We didn’t ever go out individually. We went out as a group or we hung out at the house. Sometimes another group would have a party or dinner and we’d all go to that. There was almost always a party at the Hilton on Friday or Saturday night.

I did go out with a lot of other guys during those years, but these were the ones I spent most of my time with. I don’t think I actually dated any Americans until I was single in my thirties. No Americans ever asked me out. I didn’t notice it at the time.

If I did have a date, it wasn’t uncommon for me to stop by the house and have dinner first. Or just hang out for a while. Or even go there after the date, especially if it didn’t go well. Or if I didn’t feel like driving all the way back home.

These guys were all very sweet to me, except (somewhat ironically) the one who introduced me to them all in the first place. He was a cousin or something. We ended up having a big fight when he told me to get up and answer the door in the middle of the night. I refused, and he pushed me out of bed. He was being a prick, so I dumped the remnants of his drink on him and left. He told me never to come back.
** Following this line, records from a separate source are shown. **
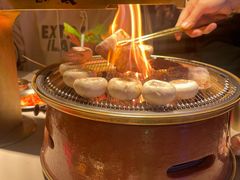 -西塔老太太泥炉烤肉(温州首店万象城黑金店)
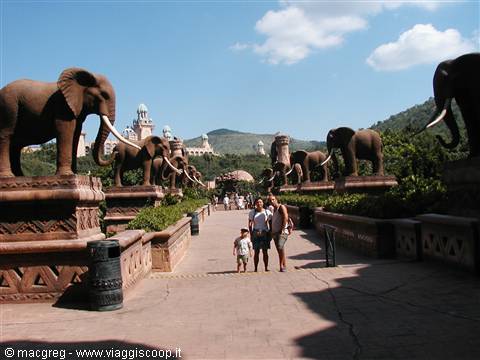 Sun City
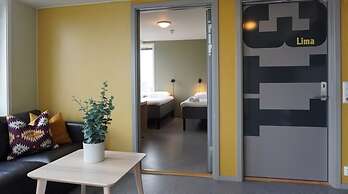 Rumi Hostel
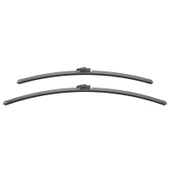 HONDA Civic Sedan [FD6] 2006-2010 Uyumlu Takım Muz Silecek SB2823U2 thumbnail 2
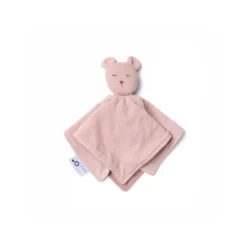 Doomoo Knuffeldoekje You & Me Green
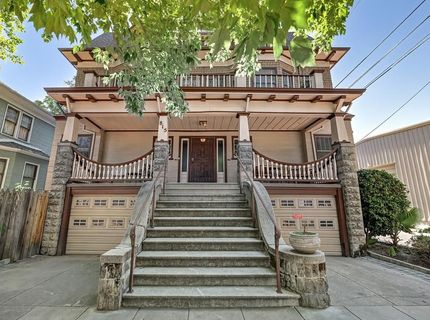 815 17th St, Sacramento, CA 95811 Photo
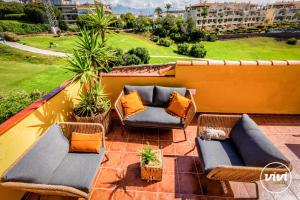 ViVi Homes - Girasol Pool, Golf, View & Terrace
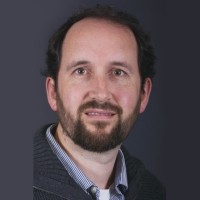 Nico Geldenhuys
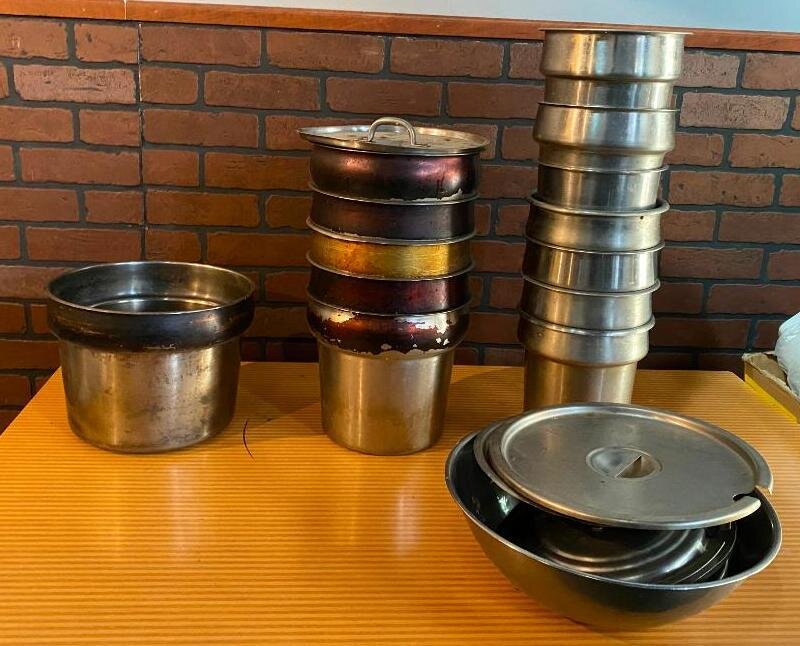 Image for Former Matsu Sushi Asset Liquidation - Omaha, NE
A couple of days later, one of the cousins, the ones who owned the house, called to check on me. I told him that I’d been kicked out, and he laughed and said they all missed me and I should come back and have dinner. So I did. The other guy wasn’t around so much any more.

He tried, and failed, to get me kicked out of the other local Arab social gatherings, but for whatever reason the guys liked me. Even the ones I wasn’t sleeping with. I wasn’t sleeping with most of them.
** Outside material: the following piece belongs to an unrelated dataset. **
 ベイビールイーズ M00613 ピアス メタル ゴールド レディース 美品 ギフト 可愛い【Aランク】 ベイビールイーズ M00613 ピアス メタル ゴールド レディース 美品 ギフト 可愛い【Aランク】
I kind of felt like the resident weirdo. Maybe I was like their village idiot, only smart.

Maybe they just liked that I didn’t want anything from them. Because of the money, they must have gotten a lot of girls wanting money, drugs, cars. Because I didn’t care about anything, I was low maintenance.
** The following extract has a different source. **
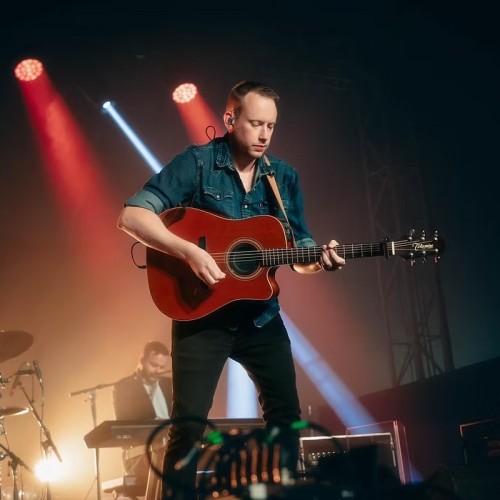 Norrie MacIver at Birnam Arts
I lost touch with them when I went to France. I suppose they are all married with dozens of wives and children. The family still owns the house in Eugene. Their sons probably live there now.

It was really the only sort of relationship I was at all equipped for emotionally at the time, so in that respect it was probably positive. We all sort of took care of each other.

A lot of them didn’t speak English very well, so there wasn’t a lot of pressure on me to talk. They just let me be. Somehow, even though I didn’t speak Arabic I could pick up what they were talking about. I’d speak English, they’d speak Arabic. Sometimes they’d talk about me just to see if I noticed. I’d just laugh at them. If other people talked about me, they’d make them stop and tell them I spoke Arabic.

I’d lay on the living room floor and do homework, or read. Watch soccer with one of the guys. One of them made great drinks, so I’d sit at the bar and talk to him all night.

Were they just treating me like a living doll? A sexual convenience? Possibly, but that isn’t how it felt. There were definitely plenty of other guys I saw during that same time who did act like I was just a sex toy. It didn’t bother me. Nothing bothered me much then.

One of their uncles met me on a trip to LA and wanted to buy me an apartment in Geneva. He said I was pretty and smart, and he liked that I spoke several languages. He thought I was funny. He was married, but wanted to have someone around when he travelled to Europe on business several times a year. When he asked me about it, I wondered aloud if he realized how socially awkward I was. He said he didn’t need someone to throw parties or entertain, just someone to talk to. I would be more than welcome to go to parties with him when I wanted to, but it wasn’t part of the deal.

Given how little I cared about anything at that point in my life, it surprises me in retrospect that I didn’t just tell him I didn’t want the apartment but He could fly me to Geneva any time. If he’d been my age, maybe I would have.

I wonder how it would have worked out?

What would life as a mistress have done to me or for me?

It’s weird for me to write about this whole time period. It feels floaty and disconnected. It was a lot of fun in some ways, but it was..a floaty and disconnected time for me. I was unhappy with myself in general, not dealing with several issues well, and these guys were always kind to me when a lot of others were not.